Though the word “archivist” may conjure images of dusty stacks of books and crumbling scrolls, the reality of the job is one of discovery, surprise, and collaboration. In the world of major liquor brands, a specific company’s history may go back hundreds of years, and the history of the business can be traced to match the history of the times and tastes around it. Along with working to inform current marketing trends, a brand archivist is also the preserver of the history and legacy of a company, and in the world of liquor advertisement there’s plenty to save and savor.
“Some archives can be quite academic and paper-based,” says Jacqui Seargeant, the Global Archive Manager for Dewar’s Scotch Whisky. “But ours is very diverse. We have the old documents and the old advertisements, but we also have old bottles, old water jugs and promotional materials. Our archivists are involved with meeting the marketing team to come up with new ideas for marketing and packaging. It’s a really unusual job in a lot of ways.”

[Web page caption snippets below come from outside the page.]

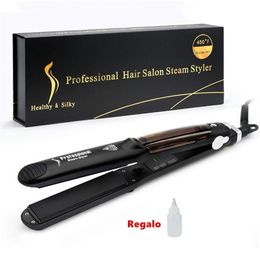 Fer à lisser à la vapeur professionnel Negative Lonic Steamer Curling Et Redressage Céramique Nano Flat Iron Hair styler 220623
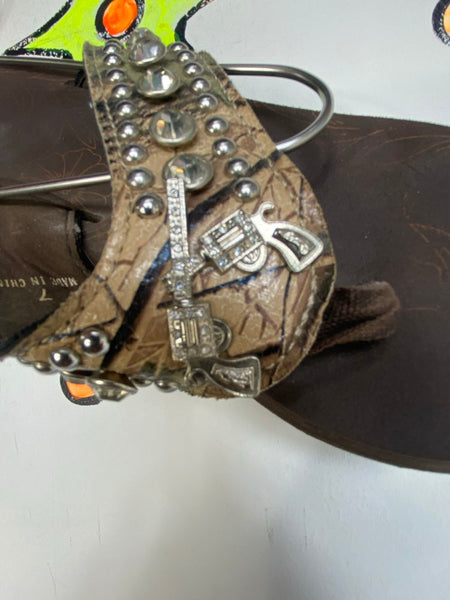 Y2K Rhinestone Vegan Snakeskin Platform Flip Flops Indie Sleaze McBling Sandal 7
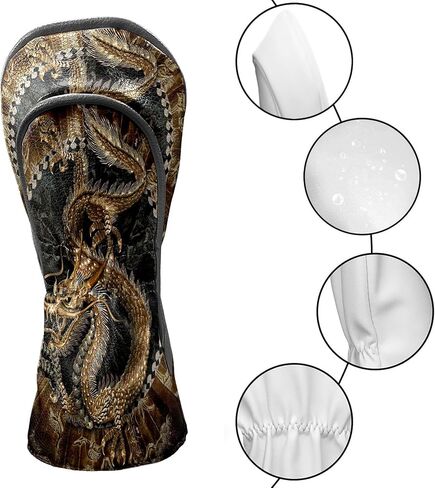 Golf Club Covers Premium Leather Driver Headcover Golf Club Head Covers for Driver Fairway Woods Clubs, Waterproof Golf Headcovers with Anti-Scratch Lining for Men Women in Saudi Arabia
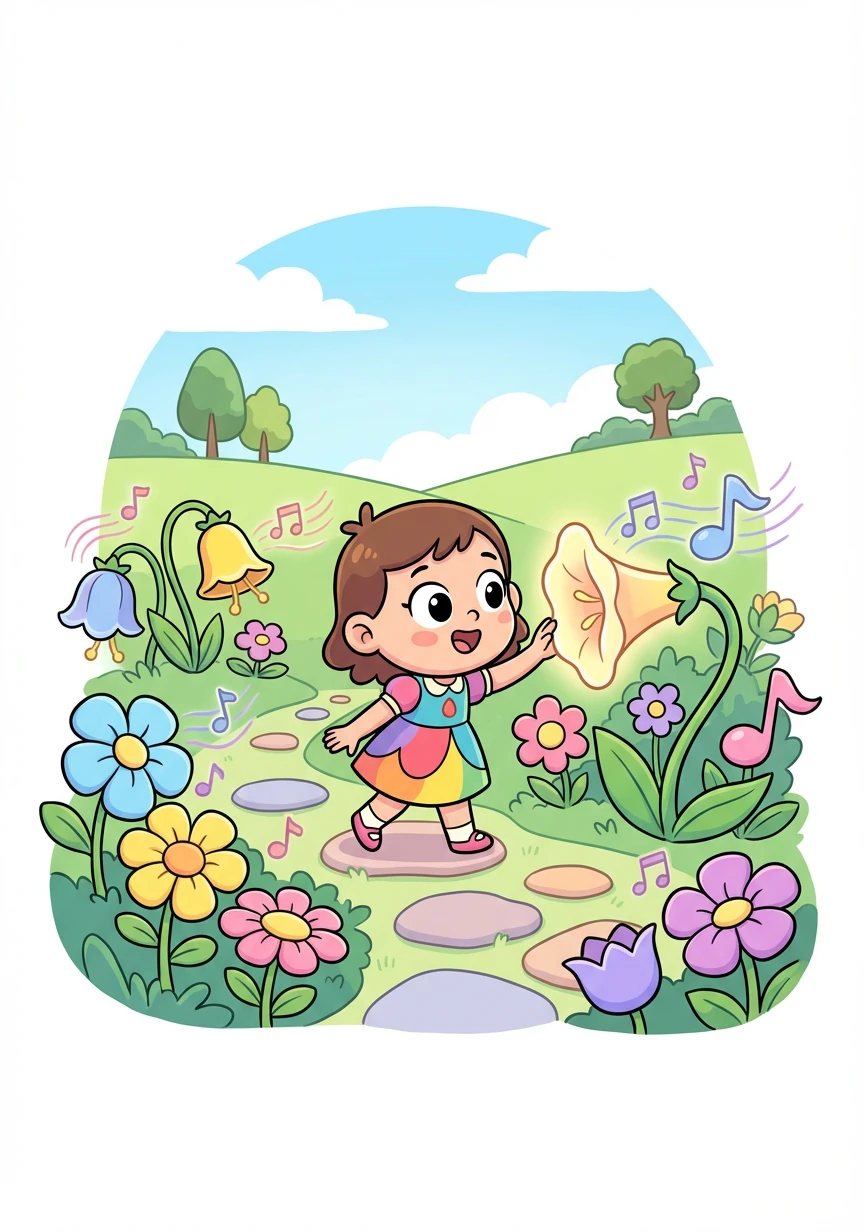 The gate leads to a lush garden filled with flowers of every color imaginable. As Flora walks deeper, she notices that each flower emits a unique sound, a melody that seems to dance in the air.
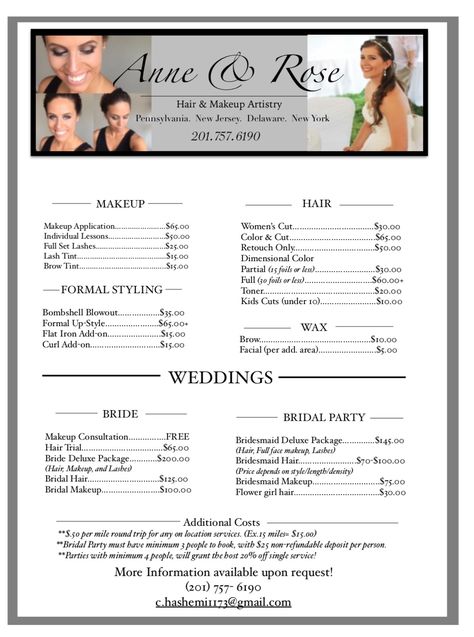 Hair stylist makeup artist brochure Makeup Pricing List, Bridal Makeup Price List Ideas, Makeup Price List Ideas Freelance, Makeup Artist Policy, Makeup Artist Website Design Inspiration, Bridal Makeup Package Ideas, Makeup Price List Ideas, Artist Brochure, Makeup Artist Price List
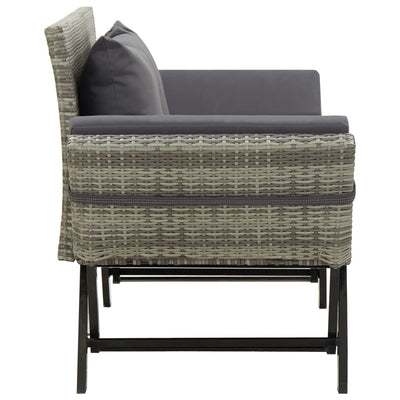 Garden Bench with Cushions 176 cm Grey Poly Rattan Payday Deals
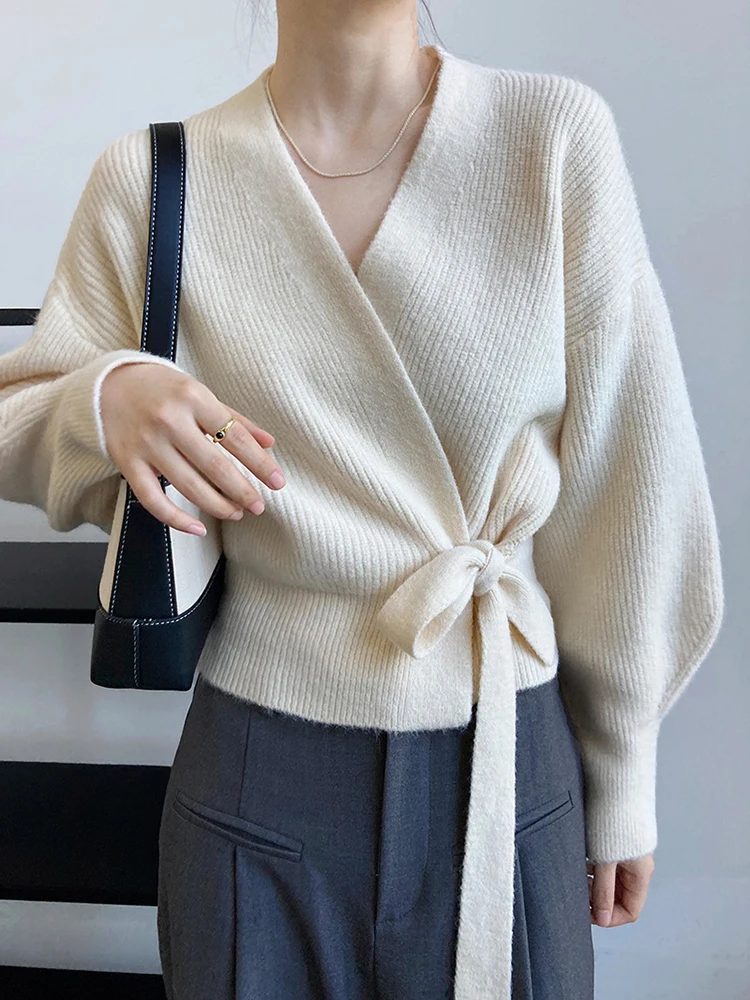 

Knitted Cardigan Women Sweater V-Neck Lace-up Irregular Clothes Fashion Autumn Winter 2023 Casual Korean Chic Designer Cardigan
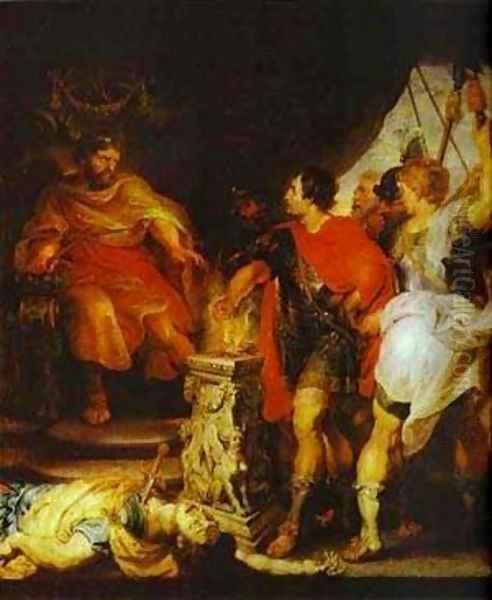 Peter Paul Rubens And Anthony Van Dyck Mucius Scaevola Before Porsenna 1620 Oil Painting by (studio of) Rubens, Peter Paul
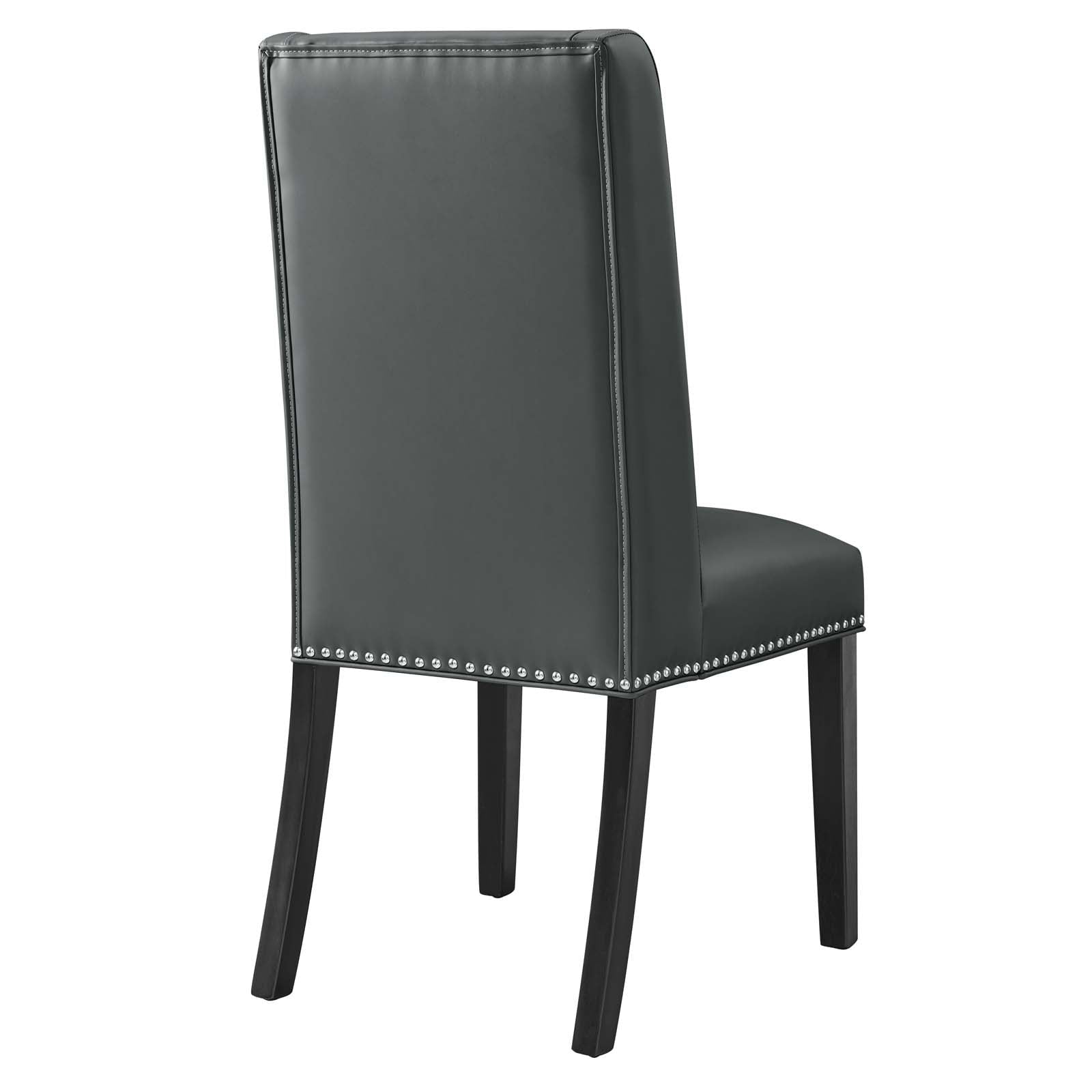 Modway Baron Vegan Leather Dining Chair in Gray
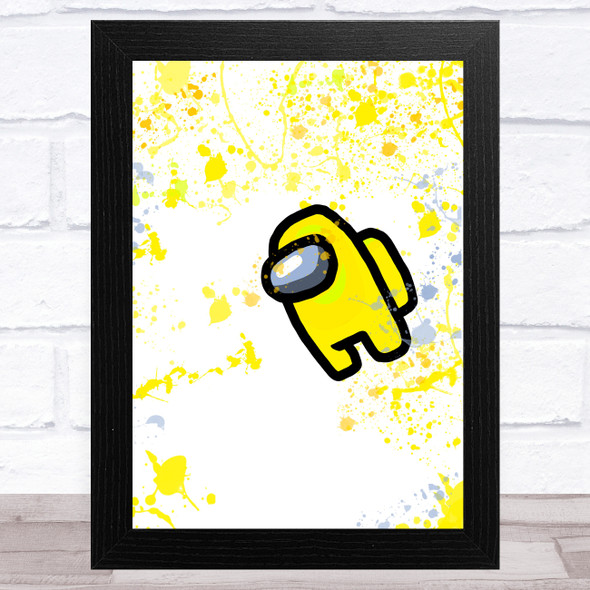 Among Us Yellow Splatter Art Children's Kids Wall Art Print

So, what does it take to be a brand archivist? “You have to like the details. All the research is quite meticulous,” Seargeant explains.
“We have three keywords: to inform, to inspire, and to engage,” says Anna Scudellari, the Brand Heritage and Archive Specialist for Martini & Rossi. Martini & Rossi have always been known for their iconic advertisements, like the famous woman in the white hat. As she works through the archives, Scudellari’s amazed at the amount of history still stashed away, waiting to be unearthed. “Imagine books and folders creating a long line, one beside the other. This line is 700 meters long. So there are a lot of possible discoveries.”
One such discovery, made a few years back, may have included one of the earliest liquor advertisements ever committed to film. “We were working on the celebration of the 150 year anniversary of the brand,” Scudellari tells Creators, “and we found a rusty old box containing an old film that needed a restoration. It was quite well-preserved, and it revealed a movie from the beginning of the 20th century, 1910s or 20s and it shows the Martini production process. And the most beautiful scene of the film is a scene in a bar where a gentleman and a lady are elegantly dressed and sitting drinking a Martini and Soda, and the couple toasts with enthusiasm, and at a certain point the lady notices the watching camera, so she toasts and salutes the audience. I think it is the first video advertising of the Martini story.”
When Juan Bergaz Pessino, a sixth-generation Bacardi family member and archivist for Bacardi Rum, first joined the archive team, he “was very surprised at the amount of assets and artifacts that we have, especially because we lost everything in Cuba.” Castro’s regime confiscated Bacardi’s assets in 1960. Pessino explains that the story of Bacardi is intricately tied to the story of its country of origin: “When you go into the archive you can see the whole history of Cuba, and some of the history that you won’t find elsewhere because Castro changed the history. We even have a newspaper from when the company was confiscated.”